Extrait du Rapport Rocard « République 2.0 : Vers une société de la connaissance ouverte »
Les administrations collectent et détiennent des données sur tous les aspects de la vie sociale, économique, culturelle et des territoires. Ces données constituent un bien public. Ce sont des ressources pour l’ensemble des secteurs économiques. Elles permettent de développer des activités et même des marchés, comme celui, par exemple, des données géolocalisées.
Le débat sur la valorisation de ce patrimoine est récurrent. Faut-il privilégier une rentabilisation monétaire, par la vente de ces informations (comme nous y invite le rapport récent sur l’économie de l’immatériel) ou valoriser ces gisements de données en permettant à tous (particuliers, associations, entreprises) d’en tirer parti, et de les exploiter, commercialement ou non ?
Le gouvernement Jospin, en 1997, a tranché partiellement ce débat en prescrivant la mise en ligne gratuite des « données publiques essentielles », donnant un coup d’arrêt à la commercialisation des données publiques. Il clarifiait ainsi des situations confuses, comme la concession à un diffuseur privé des banques de données juridiques. Depuis 1997, les administrations ont pris l’habitude de diffuser des volumes considérables de textes, de données statistiques et de rapports, réalisant au passage de considérables économies sur les budgets de publication imprimée.
Cette doctrine laissait cependant de côté les grands établissements publics qui gèrent de coûteuses infrastructures, comme l’Institut Géographique National (IGN) ou Météo France. La transposition de la directive sur la réutilisation des informations du secteur public aggrave cette situation. Soumis à l’obligation de dégager des ressources propres, (parfois jusqu’à 50% de leur budget), ces établissements pratiquent des tarifs souvent élevés, vis à vis des utilisateurs comme des diffuseurs.
Cette logique conduit à des situations aberrantes. Ainsi, récemment, l’IGN (dont la compétence n’est pas ici en cause), soucieux de contrecarrer les services GoogleMaps et GoogleEarth de Google, a ouvert un portail (Géoportail) de cartographie numérique et d’images satellitaires de la France. Contraint de générer des ressources propres, il en a verrouillé les fonctionnalités et a déformé volontairement certaines images pour empêcher de copier les cartes, de les réutiliser ou de les rediffuser.

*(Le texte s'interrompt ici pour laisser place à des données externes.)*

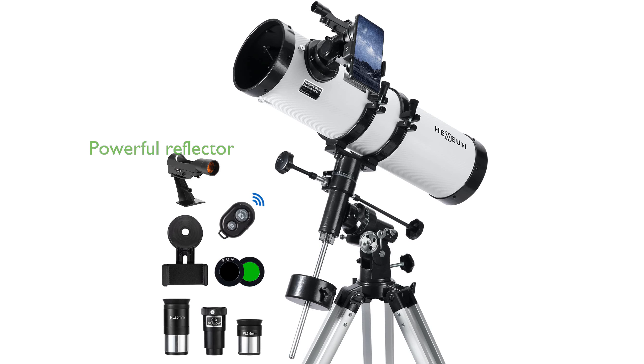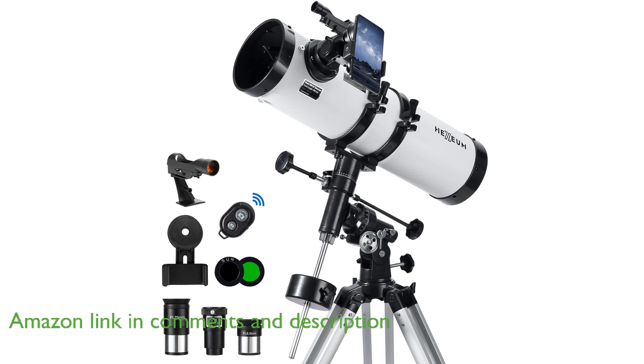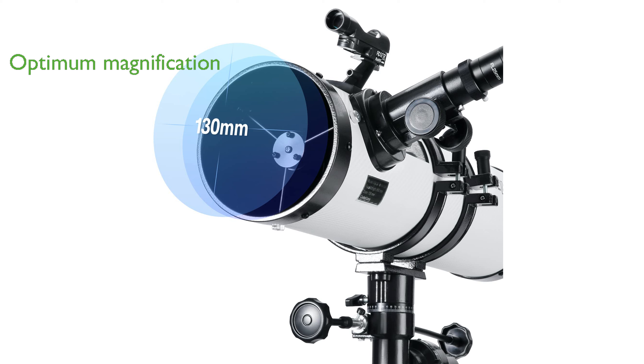The Hexium 130EQ Telescope Kit features a powerful reflector with a 650mm focal length and 130mm aperture, ensuring bright and clear images. This telescope offers optimum magnification with two high-quality eyepieces and a 2x Barlow lens, allowing you to magnify the moon up to 200 times.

Ces pratiques tarifaires et malthusiennes brident le développement de nouveaux services par des tiers et l’émergence de nouveaux acteurs. Elles ouvrent un avantage concurrentiel aux projets étrangers (privés ou publics) tels que GoogleMaps. Elles brident aussi la recherche. Faute de disponibilité simple des données de l’INSEE et du Ministère de l’emploi, les chercheurs en économie français travaillent sur les données américaines (le Census Bureau diffuse tout sur Internet) et… en savent plus sur les mécanismes économiques américains que sur ce qui se passe en France !
L’expérience récente et l’observation de ce qui se passe à l’étranger plaident pour une approche “ouverte” des données publiques, qui laisse l’innovation s’exprimer à partir de ces données mises en accès libre.
Recommandation : Rendre les données publiques accessibles à tous :
- Élaborer des licences définissant clairement les droits des utilisateurs, notamment sur la réutilisation des données publiques. Y compris à des fins commerciales.
- Financer correctement le fonctionnement des Etablissements publics en charge d’infrastructures informationnelles (comme l’IGN ou Météo France)
- Permettre la libre réutilisation de la base de connaissances du portail Service-public.fr par tout service, public ou privé, pour diffuser une information cohérente et à jour.